In the records below, find the line holding "Fancy Apartment In" and the line holding "Snapshot of Angel_esteban_fx". Set down both, with every line between them, exactly.

## [Provided records]
━━━━━━━━━━━━━━━━━━━━

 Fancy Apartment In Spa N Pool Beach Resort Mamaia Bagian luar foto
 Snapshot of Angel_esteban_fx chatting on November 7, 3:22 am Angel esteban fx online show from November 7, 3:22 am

━━━━━━━━━━━━━━━━━━━━

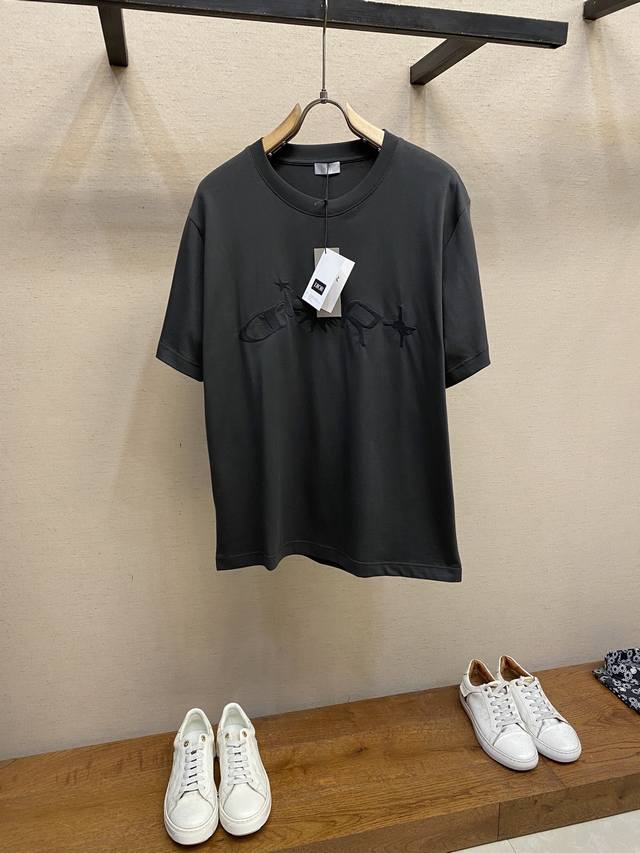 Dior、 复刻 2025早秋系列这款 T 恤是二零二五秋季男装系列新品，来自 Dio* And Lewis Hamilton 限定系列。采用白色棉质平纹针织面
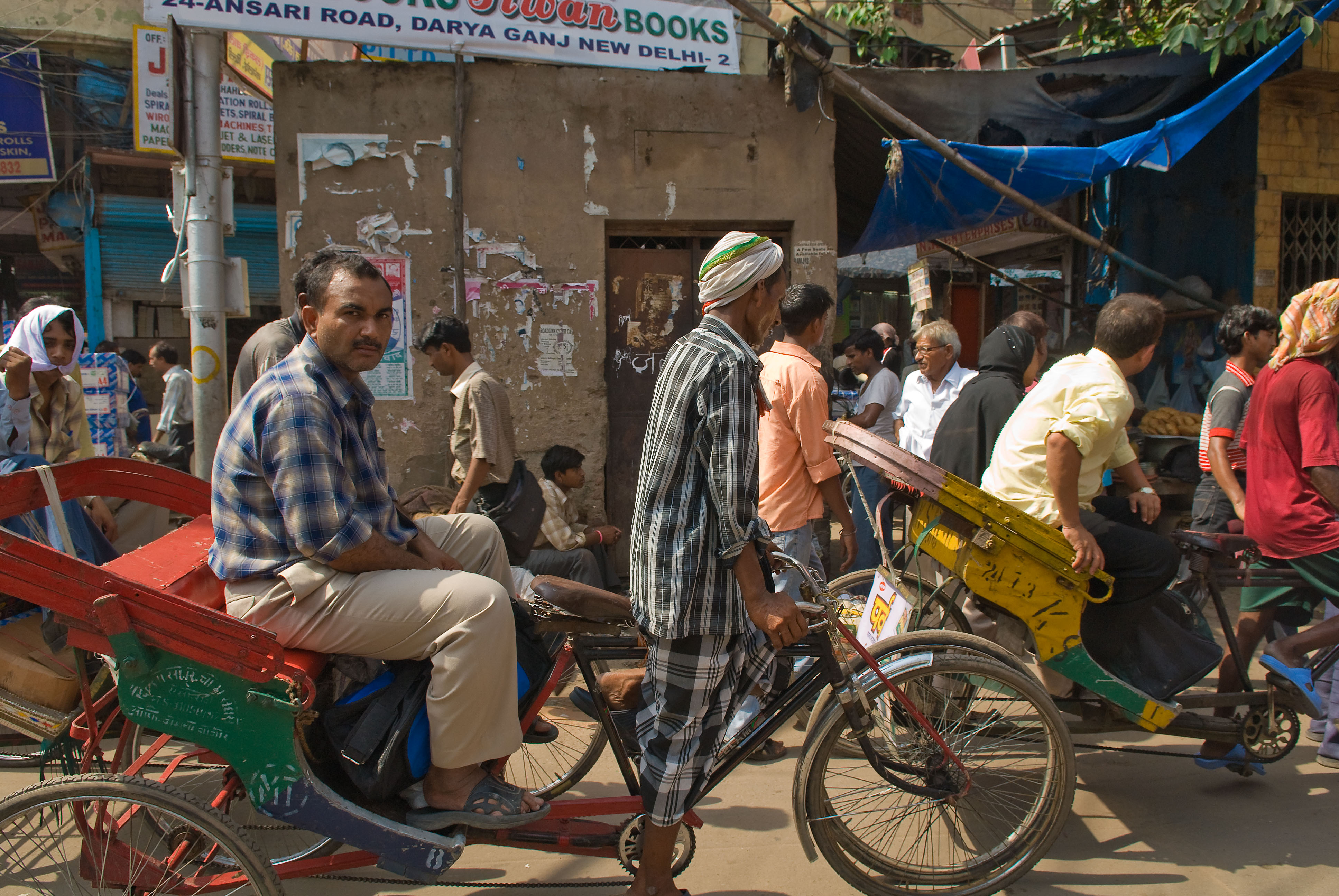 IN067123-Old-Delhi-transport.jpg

━━━━━━━━━━━━━━━━━━━━

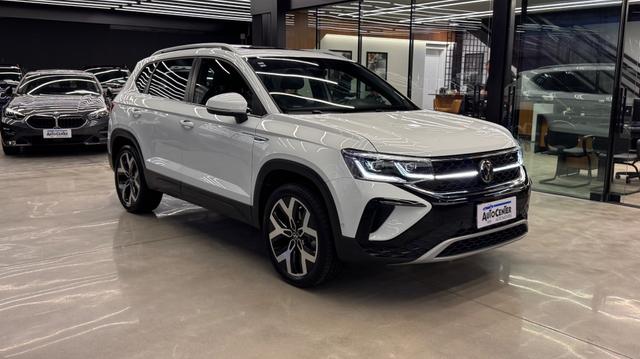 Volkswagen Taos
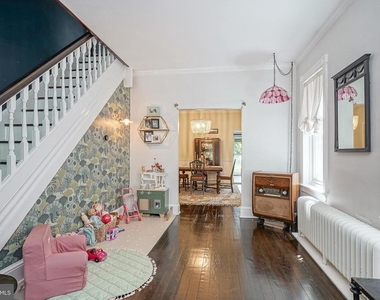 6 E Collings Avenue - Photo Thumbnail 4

━━━━━━━━━━━━━━━━━━━━

## [Solution below]
 Fancy Apartment In Spa N Pool Beach Resort Mamaia Bagian luar foto
 Snapshot of Angel_esteban_fx chatting on November 7, 3:22 am Angel esteban fx online show from November 7, 3:22 am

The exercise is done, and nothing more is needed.